ASSIGNMENT: Repeat only the lines from the one that contains "Автозапчасти б/у радиатор" through the final line of the listing below, exactly, please, without pictures.

══ COLLECTED MATERIAL ══

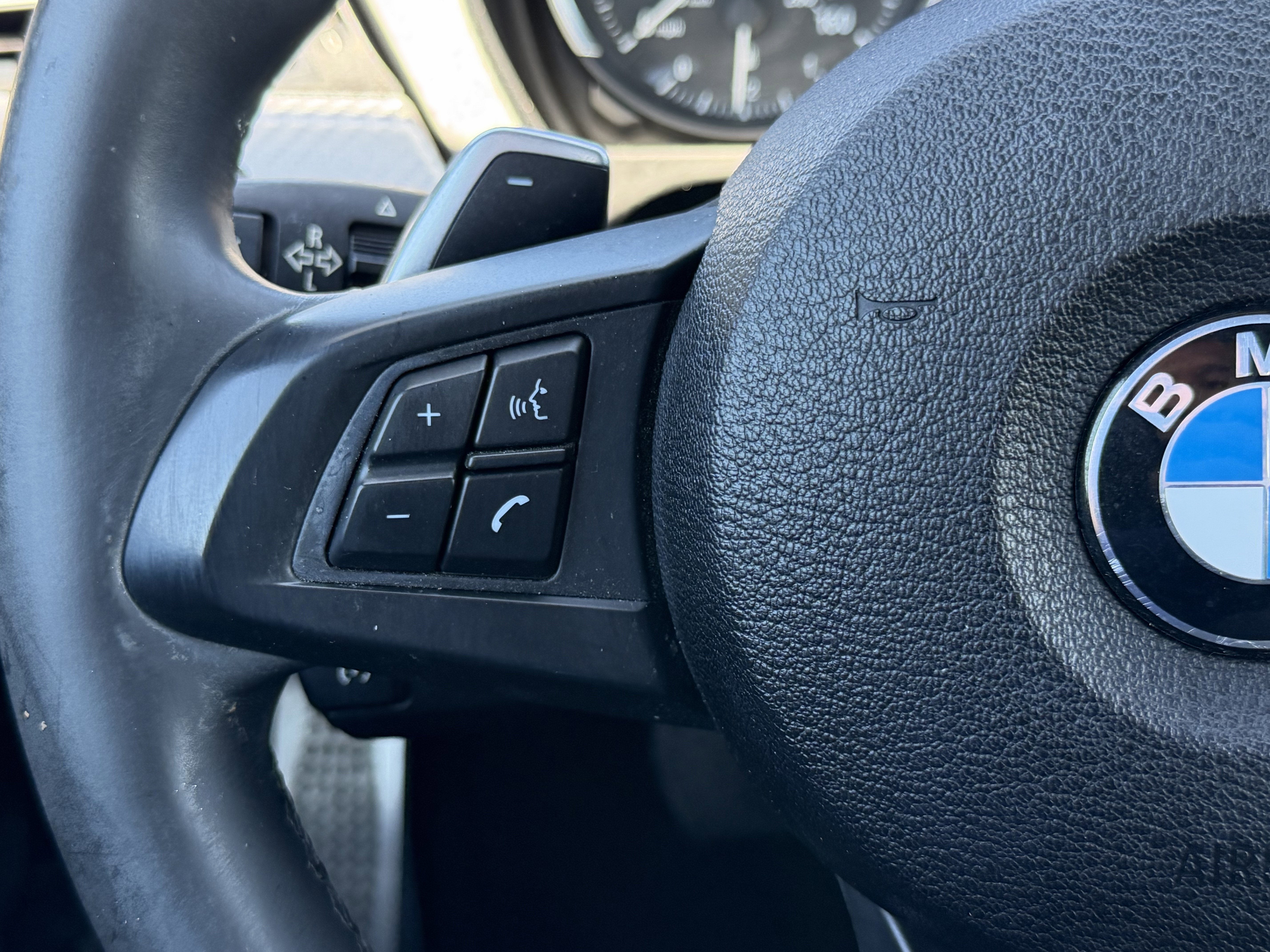 2016 BMW Z4 sDrive35i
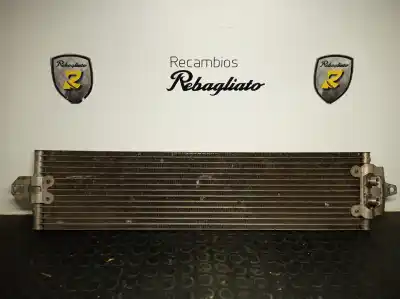Автозапчасти б/у радиатор коробки передач за porsche cayenne (9pa) s 4.5 ссылки oem iam 7l0317019b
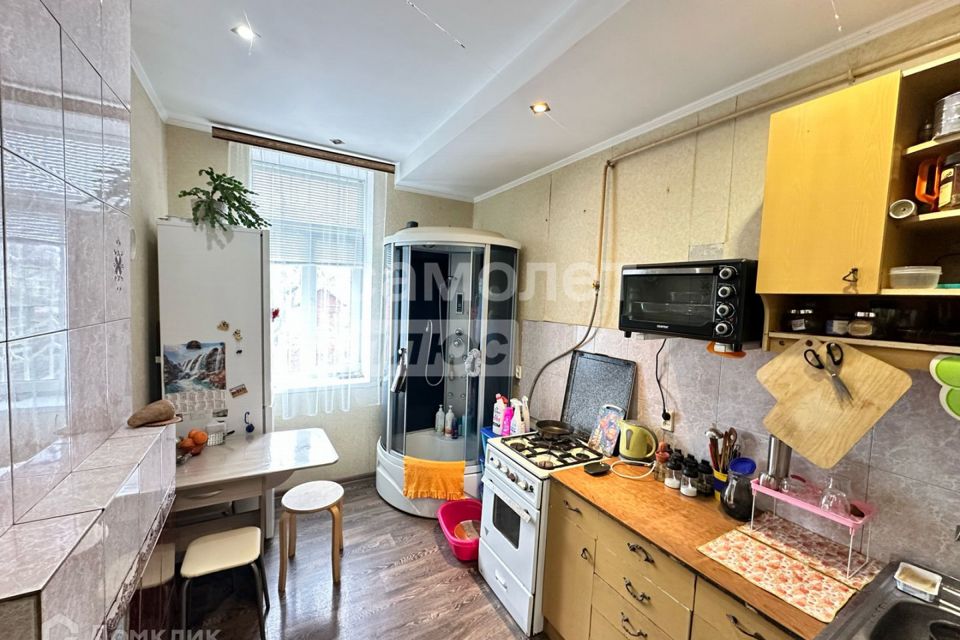 Продаётся комната в 1-комн. квартире, 19.3 м²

═══

FINISHED EXERCISE:
Автозапчасти б/у радиатор коробки передач за porsche cayenne (9pa) s 4.5 ссылки oem iam 7l0317019b
 Продаётся комната в 1-комн. квартире, 19.3 м²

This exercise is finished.